→ WORK REQUEST
Exclude the pictures, then repeat exactly each line from the one containing "派对手拿包，带水钻装饰，时尚手提包，优雅的欧美风格，适合宴会，适合口红、手机，完美的派对配饰，多功能女士包 - 銀色" to the final line of the records that follow.

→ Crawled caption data
►

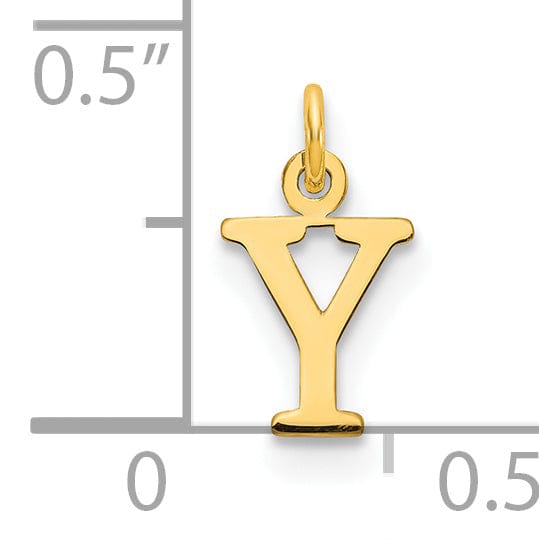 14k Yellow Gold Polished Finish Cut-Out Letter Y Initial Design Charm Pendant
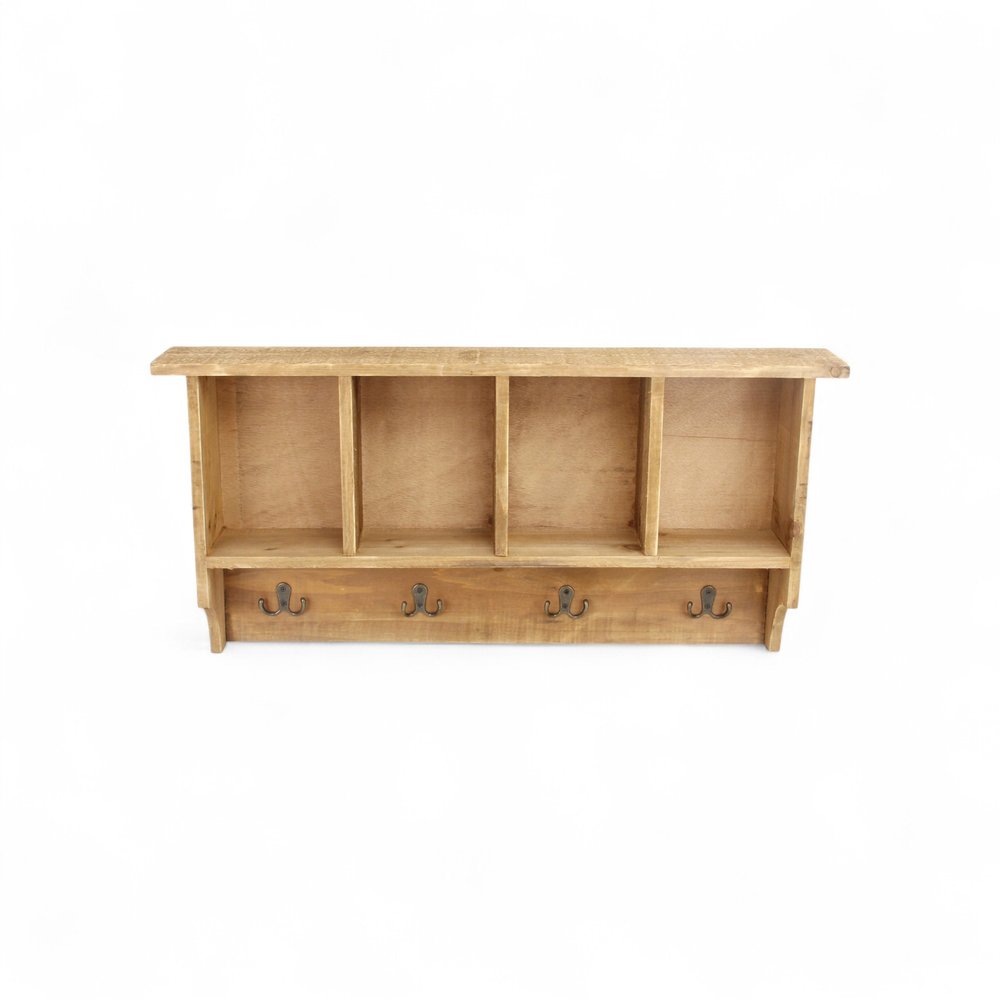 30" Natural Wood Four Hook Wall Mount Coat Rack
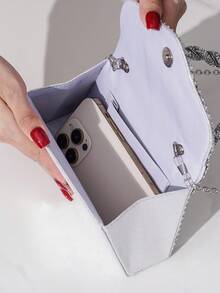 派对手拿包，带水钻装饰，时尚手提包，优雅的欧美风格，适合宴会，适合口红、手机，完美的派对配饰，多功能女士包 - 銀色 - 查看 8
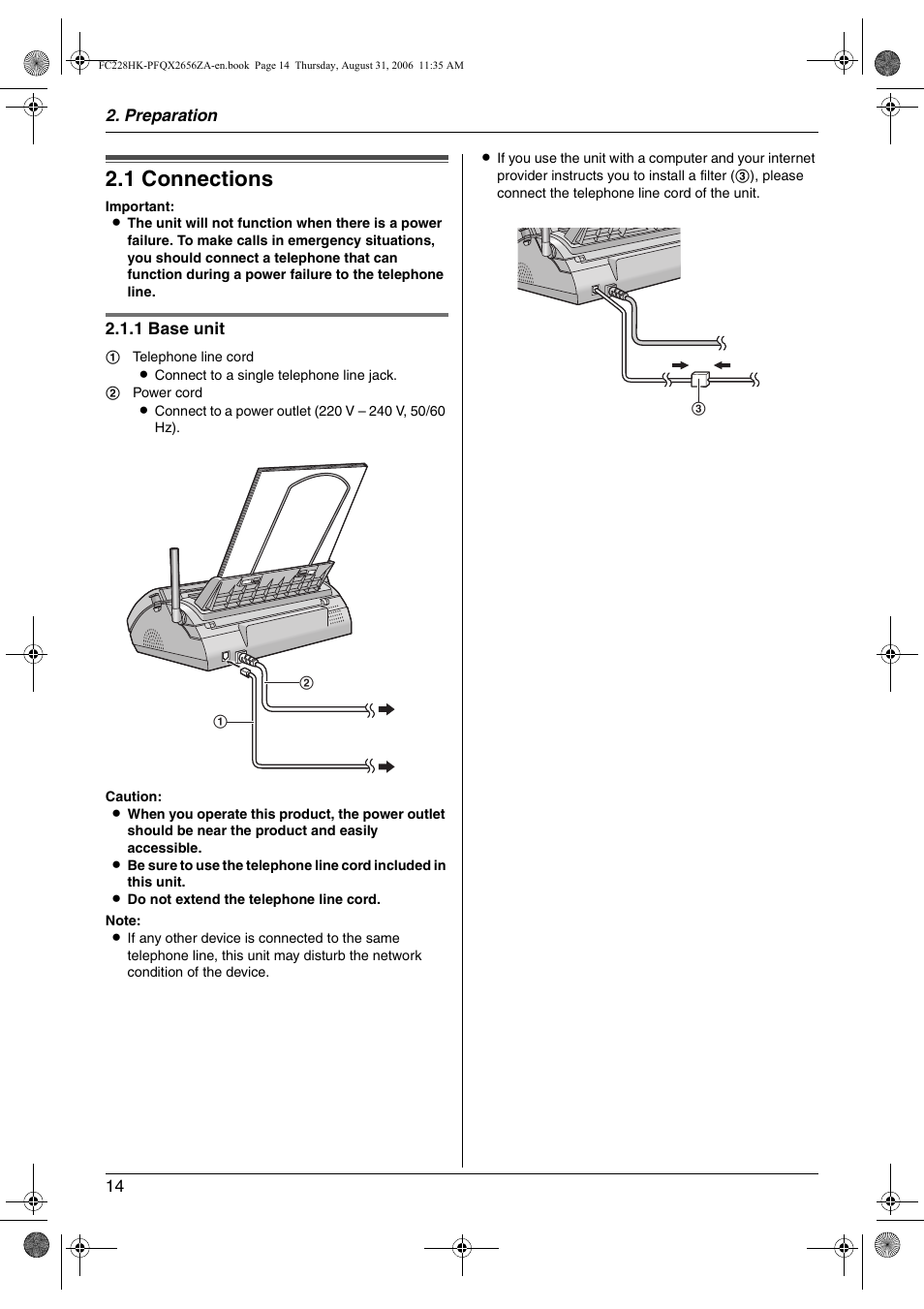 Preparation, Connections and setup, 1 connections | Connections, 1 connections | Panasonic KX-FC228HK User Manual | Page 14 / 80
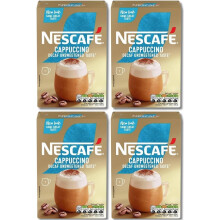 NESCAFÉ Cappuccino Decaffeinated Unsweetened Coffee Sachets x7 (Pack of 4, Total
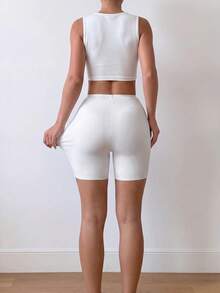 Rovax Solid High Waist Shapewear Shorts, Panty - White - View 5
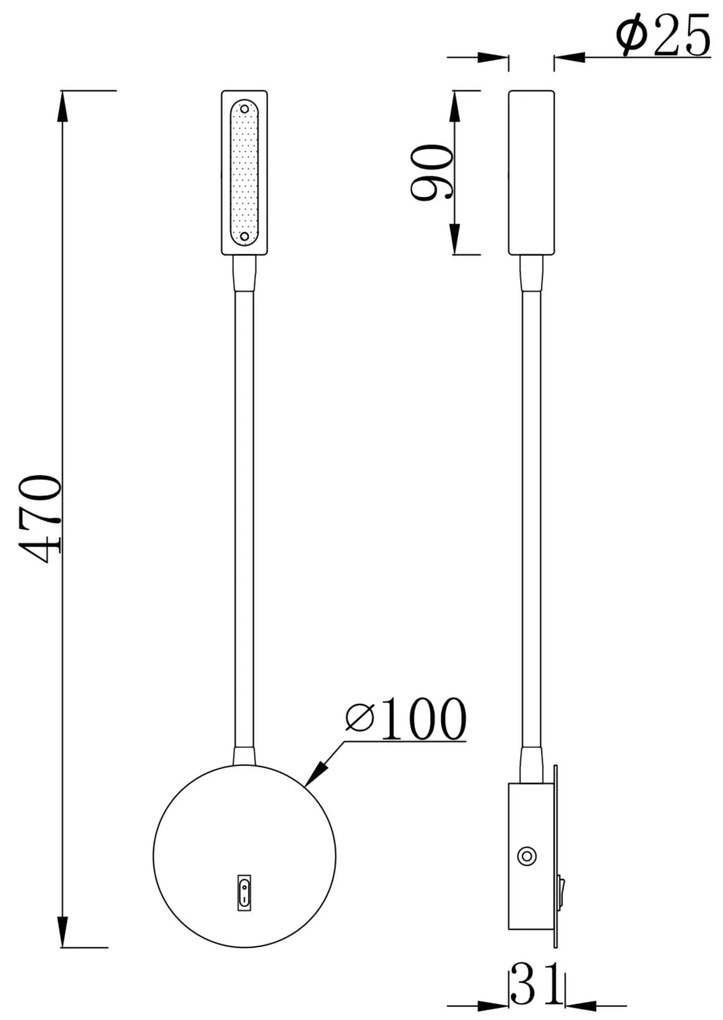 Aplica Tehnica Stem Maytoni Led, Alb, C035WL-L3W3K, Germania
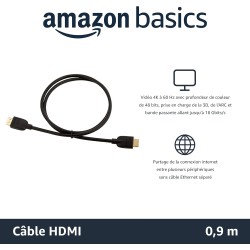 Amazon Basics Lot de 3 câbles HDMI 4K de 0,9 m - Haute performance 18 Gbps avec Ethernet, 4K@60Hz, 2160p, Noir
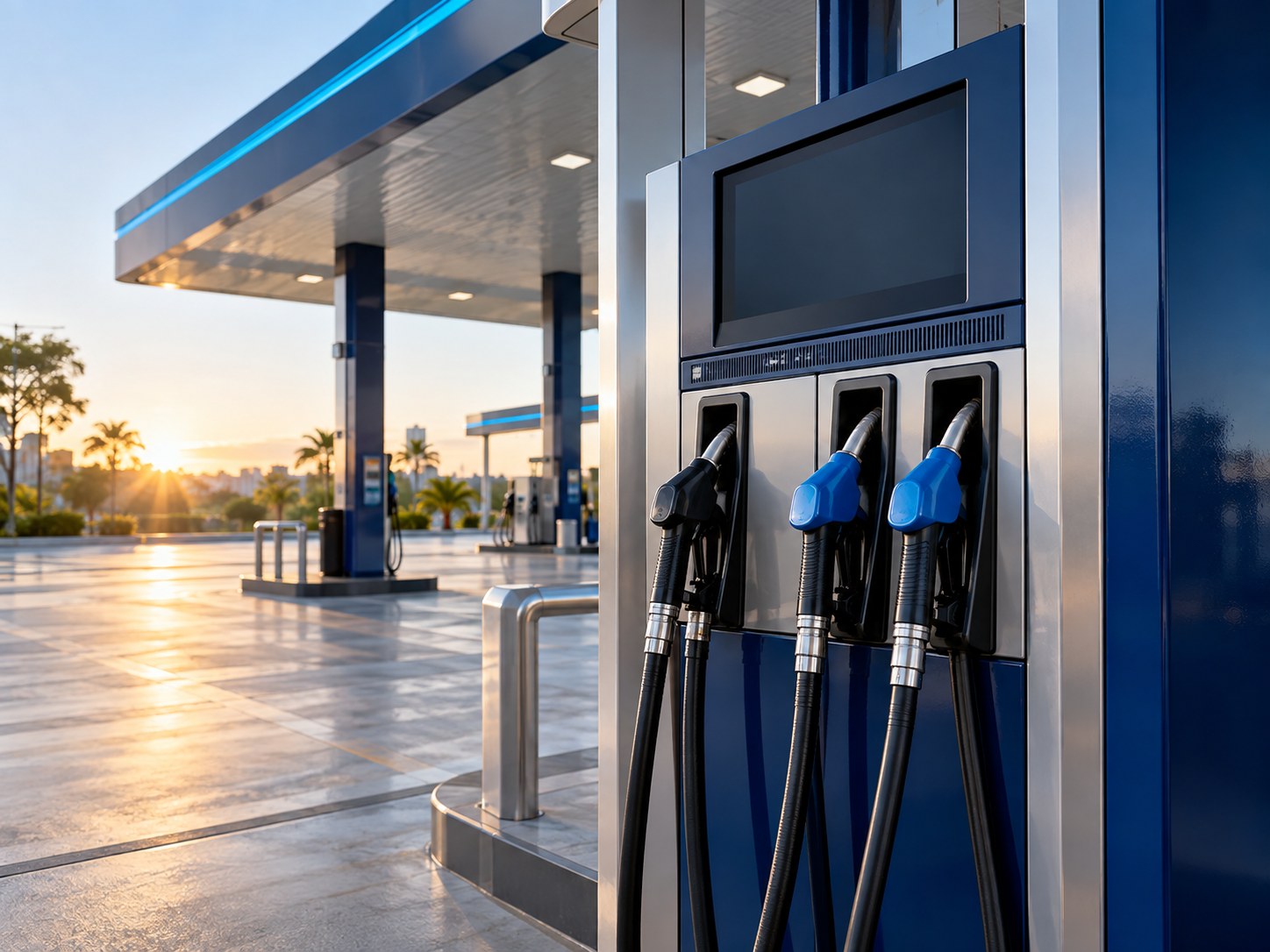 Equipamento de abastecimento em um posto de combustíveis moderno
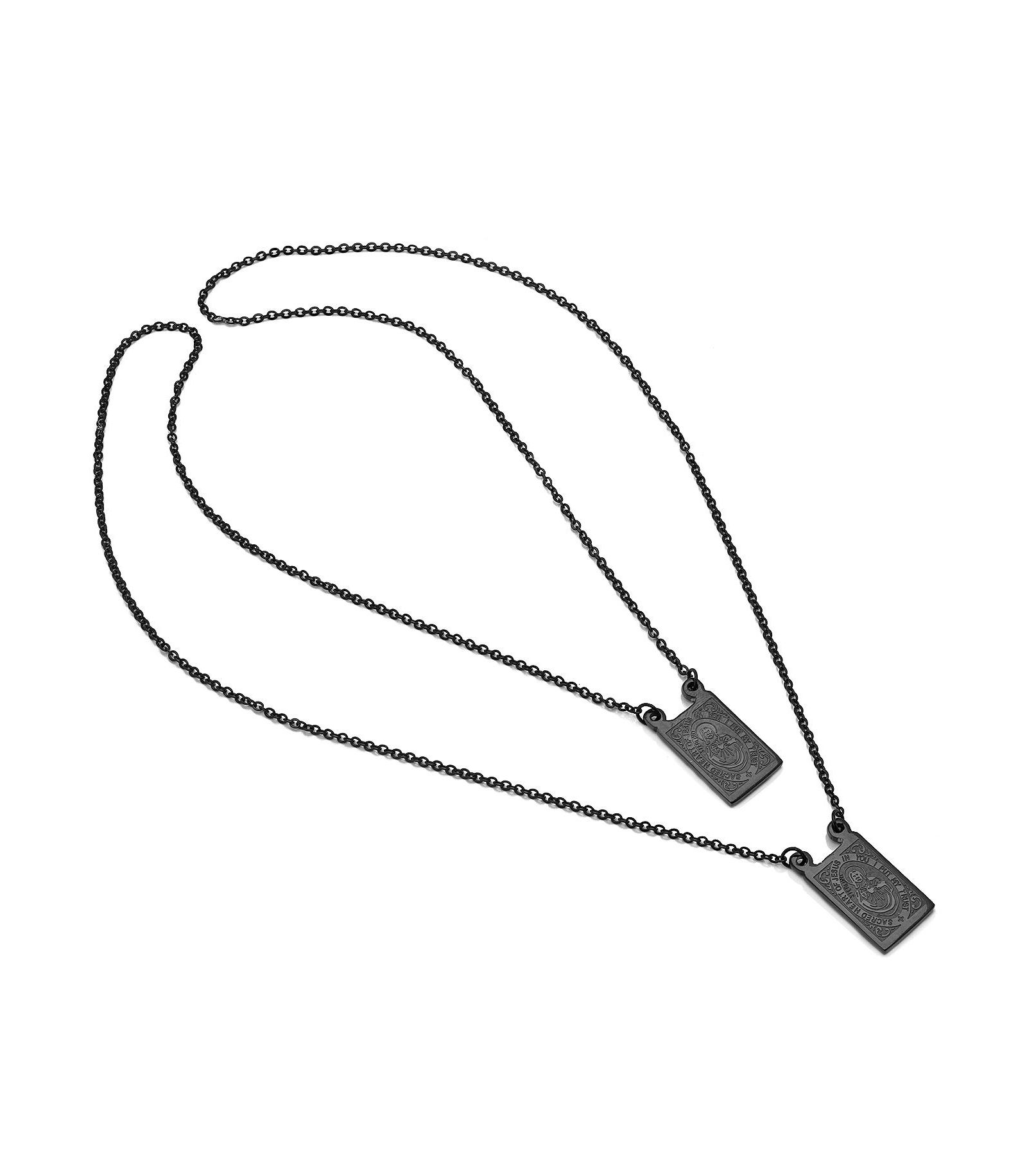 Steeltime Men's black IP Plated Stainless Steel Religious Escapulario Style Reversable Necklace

◄

→ TASK ANSWER
 派对手拿包，带水钻装饰，时尚手提包，优雅的欧美风格，适合宴会，适合口红、手机，完美的派对配饰，多功能女士包 - 銀色 - 查看 8
 Preparation, Connections and setup, 1 connections | Connections, 1 connections | Panasonic KX-FC228HK User Manual | Page 14 / 80
 NESCAFÉ Cappuccino Decaffeinated Unsweetened Coffee Sachets x7 (Pack of 4, Total
 Rovax Solid High Waist Shapewear Shorts, Panty - White - View 5
 Aplica Tehnica Stem Maytoni Led, Alb, C035WL-L3W3K, Germania
 Amazon Basics Lot de 3 câbles HDMI 4K de 0,9 m - Haute performance 18 Gbps avec Ethernet, 4K@60Hz, 2160p, Noir
 Equipamento de abastecimento em um posto de combustíveis moderno
 Steeltime Men's black IP Plated Stainless Steel Religious Escapulario Style Reversable Necklace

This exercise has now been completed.